Tasks: 1. [ ] Implement full ASS parser (handle style definitions, effects) 2. [ ] Implement VTT parser (handle cues, notes, styles) 3. [ ] Handle edge cases (malformed files, encoding issues) 4. [ ] Add format detection (auto-detect based on content) 5. [ ] Write unit tests for all parsers

Success Criteria: - All 3 formats parse correctly - Preserves timing, text, basic formatting - Handles malformed files gracefully

Estimated Effort: 4-5 hours


Phase 5: UI Polish

Goal: Refine user experience

Tasks: 1. [ ] Add file type icons (video vs subtitle) 2. [ ] Show file metadata (duration estimate, segment count) 3. [ ] Add drag-and-drop zones for each file type 4. [ ] Implement overlay display mode for style comparison 5. [ ] Add export preview as image/video (optional)

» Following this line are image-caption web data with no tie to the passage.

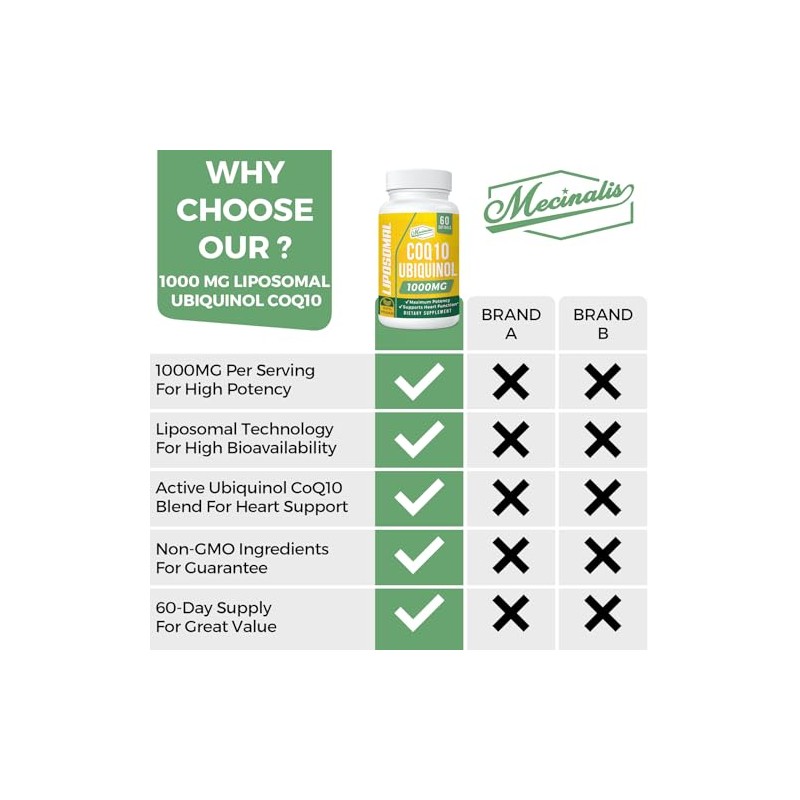1000mg Liposomal CoQ10 Softgels Better Absorption CoQ10 Ubiquinol Supplement Heart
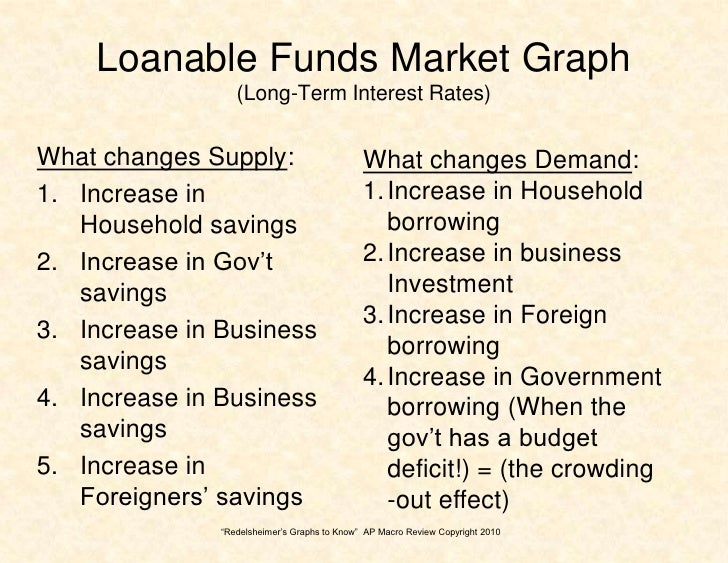 Graphs 2 Know For The Ap Macro Economics Exam - 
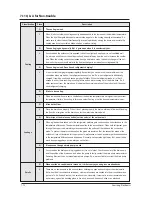 Preview for 114 page of Samsung AJ009JNNDCH FJM series Service Manual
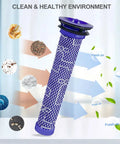 4 Pack Replacement Vacuum Filter Kit For V7 Animal And V8 Absolute Cordless Vacuums with pre-filter showing air purification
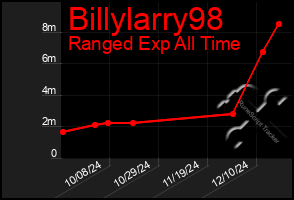 Total Graph of Billylarry98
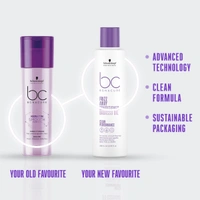 Schwarzkopf Professional Bonacure Frizz Away Fresh Conditioner with Babassu Oil | Frizz Control & Hydration | Smooth, Manageable Hair | Lightweight Formula | Frizz Free look | 200ml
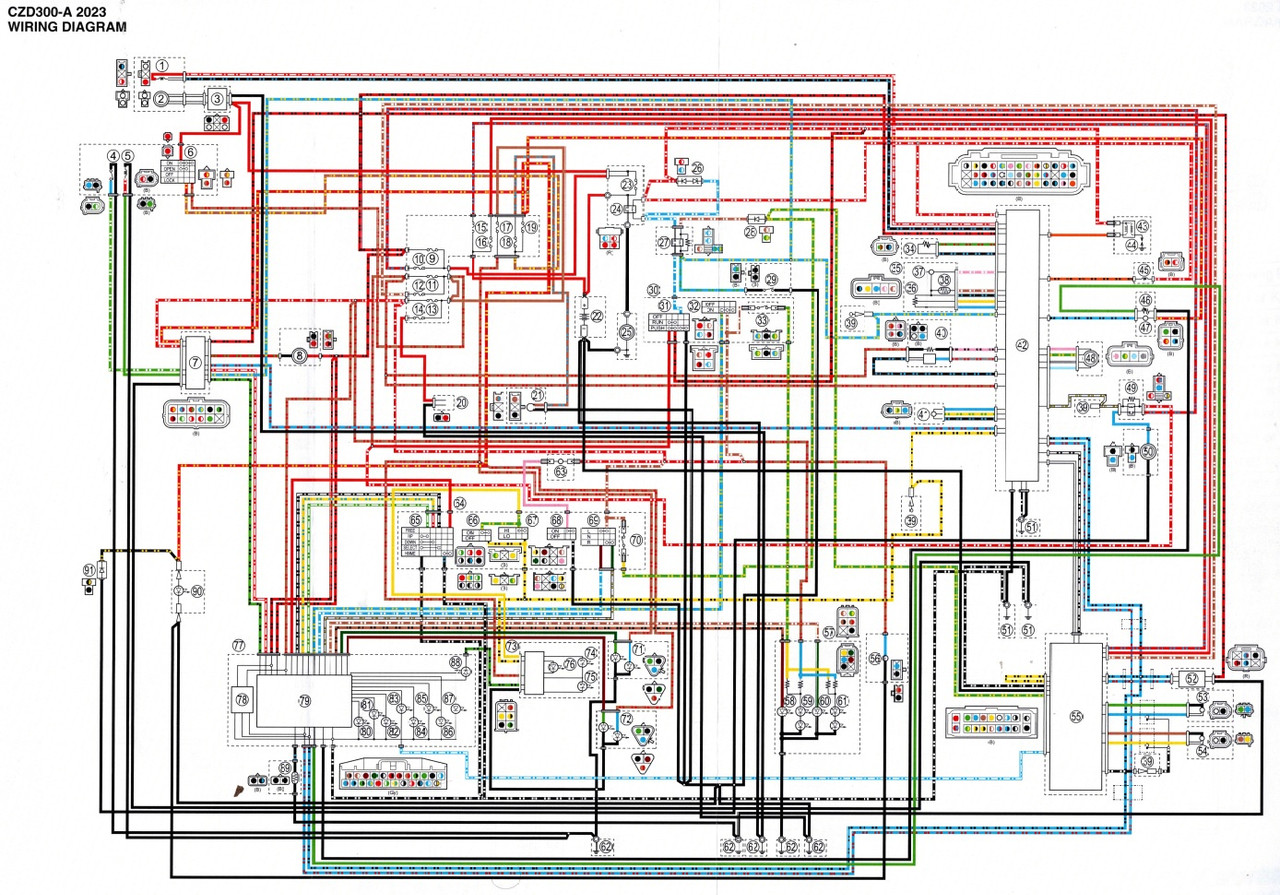 Yamaha 2023 X-MAX 300 Service Manual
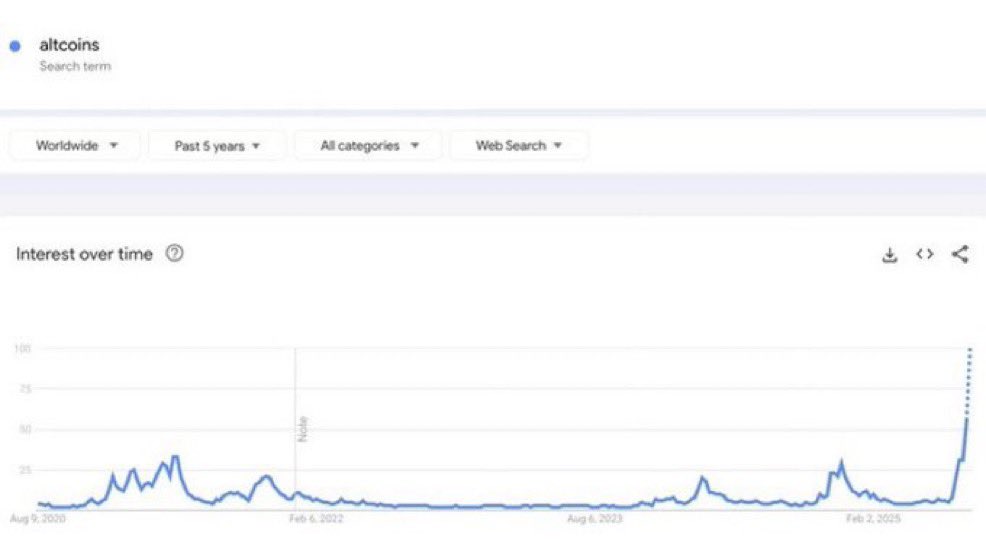 🔍جستجوی کلمه‌ی #آلتکوین در #گوگل به بالاترین حد 5 سال گذشته خود رسیده است!🔥

#ارزدیجیتال #کریپتو #تحلیل #اخبار 
#Altcoins #Crypto #Altcoins #Altseason #Google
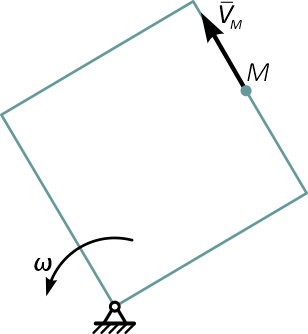 Точка M движется по стороне вращающегося квадрата совершая сложное движение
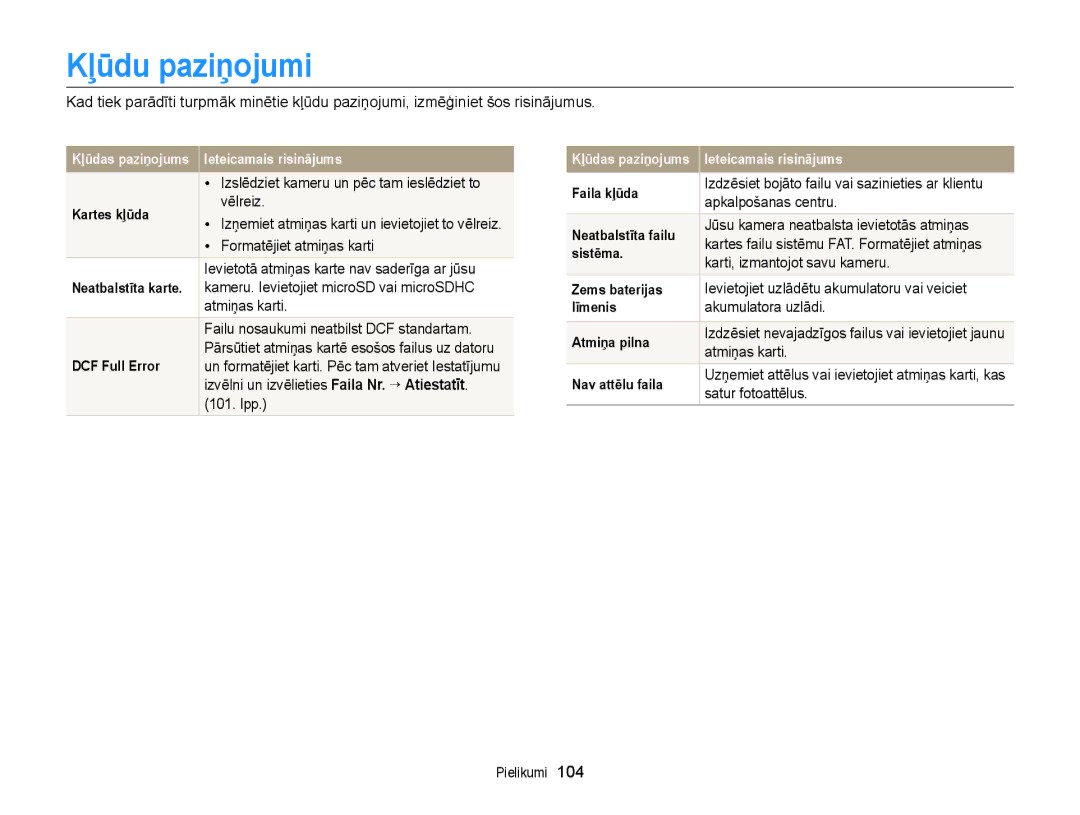 Samsung EC-ST77ZZBPSE2, EC-ST77ZZBPWE2, EC-ST77ZZBPRE2, EC-ST77ZZBPBE2, EC-ST77ZZFPWE2, EC-ST77ZZFPRE2 manual Kļūdu paziņojumi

Success Criteria: - UI clearly distinguishes video vs subtitle uploads - Professional, polished appearance - Smooth transitions and interactions

Estimated Effort: 2-3 hours


Storage Configuration Changes

⚠️ CRITICAL: Update Supabase Storage Bucket MIME Types

Problem: The subtitleai-uploads bucket was originally configured to only accept video MIME types. When subtitle upload was added, the bucket rejected subtitle files with "mime type not supported" (HTTP 422).

Required Migration:

-- Migration: Update subtitleai-uploads bucket to allow subtitle MIME types
UPDATE storage.buckets
SET allowed_mime_types = ARRAY[
  -- Video formats (existing)
  'video/mp4',
  'video/webm',
  'video/ogg',
  'video/quicktime',
  'video/x-matroska',
  'video/x-msvideo',
  -- Subtitle formats (new)
  'application/x-subrip',  -- .srt
  'text/x-ssa',            -- .ass, .ssa
  'text/vtt'               -- .vtt
]::text[]
WHERE id = 'subtitleai-uploads';

Migration File: supabase/migrations/20251130203347_update_uploads_bucket_mime_types.sql

Application: - Local Supabase: npx supabase db reset - Production (k8s): kubectl exec -n supabase postgres-0 -- psql -U postgres < migration.sql

Verification:

SELECT id, allowed_mime_types
FROM storage.buckets
WHERE id = 'subtitleai-uploads';

Why This Matters: - Without this update, ALL subtitle uploads will fail with HTTP 422 - Error occurs at storage layer before reaching application code - Not mentioned in original feature plan → documentation gap identified and fixed


Database Schema Changes

-- Migration: Add subtitle_path to videos table
ALTER TABLE subtitleai.videos
ADD COLUMN subtitle_path TEXT;

COMMENT ON COLUMN subtitleai.videos.subtitle_path IS
'Path to uploaded subtitle file in subtitleai-uploads bucket (mutually exclusive with file_path for video)';

Validation Logic: - Either file_path OR subtitle_path must be set (not both) - Job type determined by which field is populated

Option 2: Create separate subtitle_imports table (Over-engineered)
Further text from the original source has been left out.